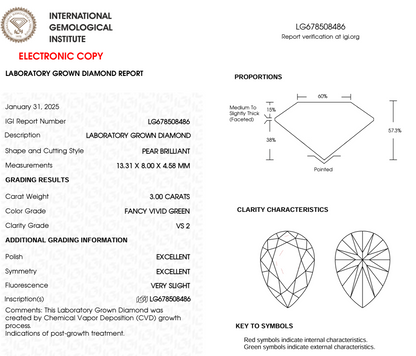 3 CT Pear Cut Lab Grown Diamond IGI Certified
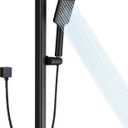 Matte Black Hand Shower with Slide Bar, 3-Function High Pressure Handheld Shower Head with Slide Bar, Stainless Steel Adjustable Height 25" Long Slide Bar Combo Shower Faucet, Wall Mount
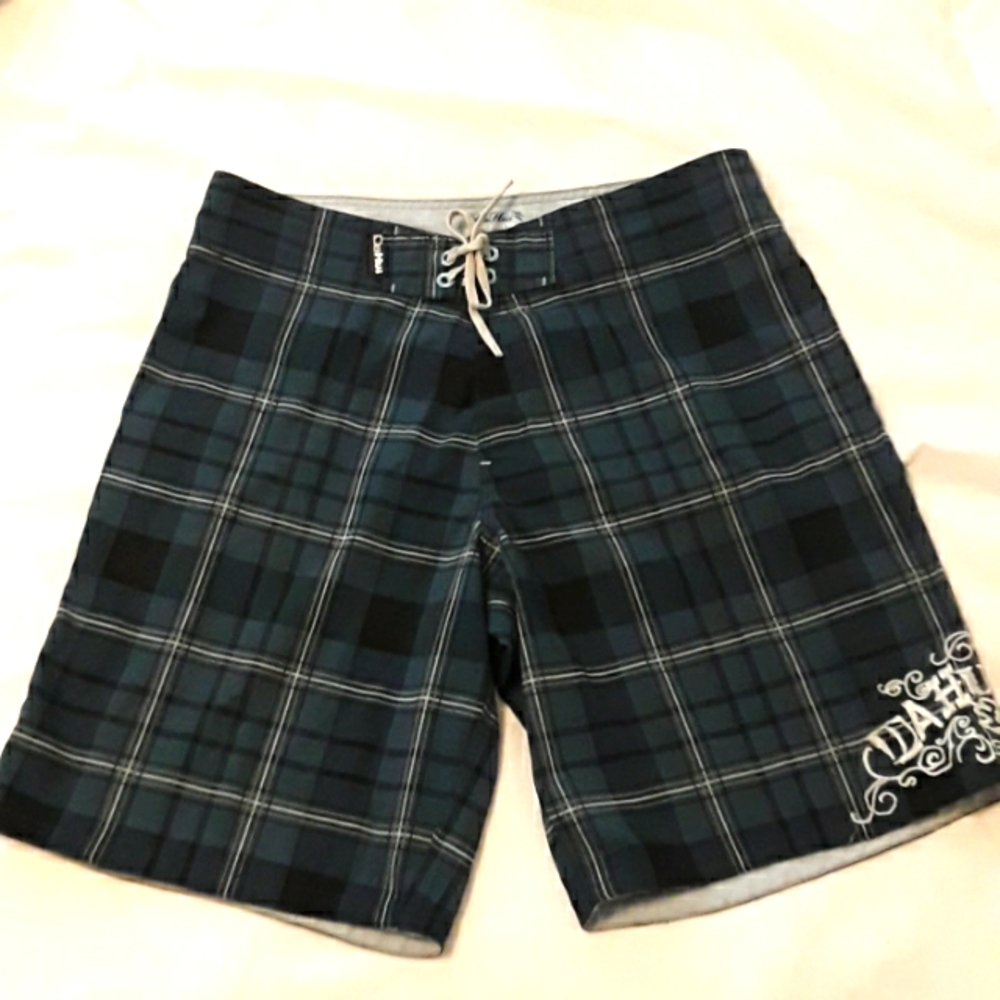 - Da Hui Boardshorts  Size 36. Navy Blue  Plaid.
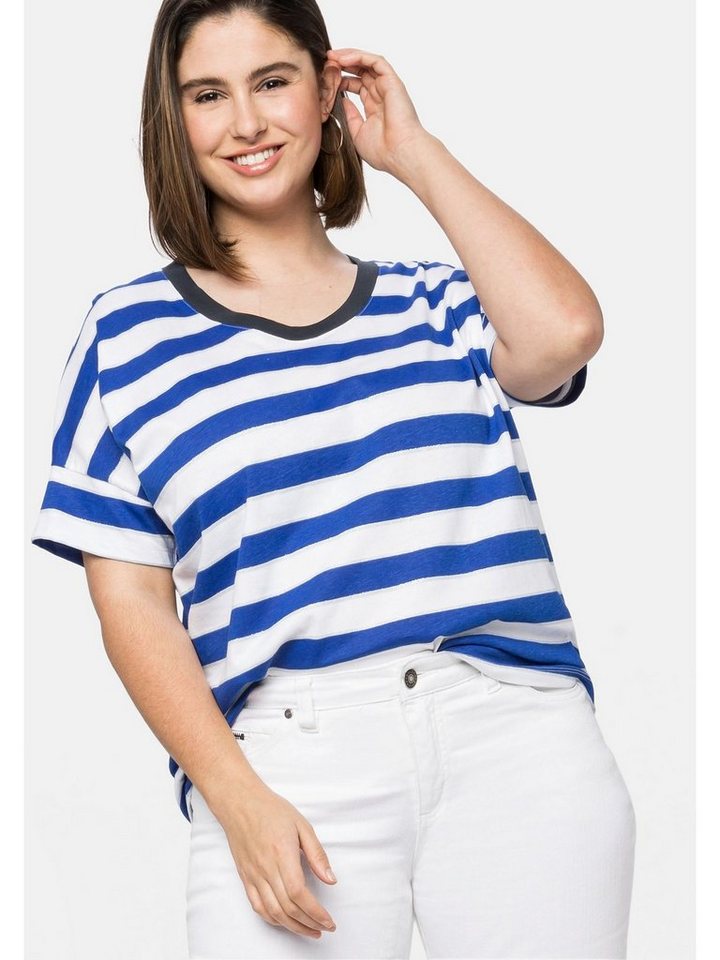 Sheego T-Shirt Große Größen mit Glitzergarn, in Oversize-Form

· · · · · · ·

* _Your assignment_
What is needed is a word-for-word copy of the data, minus its pictures.

* _Response for this exercise_
 3 CT Pear Cut Lab Grown Diamond IGI Certified
 Matte Black Hand Shower with Slide Bar, 3-Function High Pressure Handheld Shower Head with Slide Bar, Stainless Steel Adjustable Height 25" Long Slide Bar Combo Shower Faucet, Wall Mount
 - Da Hui Boardshorts  Size 36. Navy Blue  Plaid.
 Sheego T-Shirt Große Größen mit Glitzergarn, in Oversize-Form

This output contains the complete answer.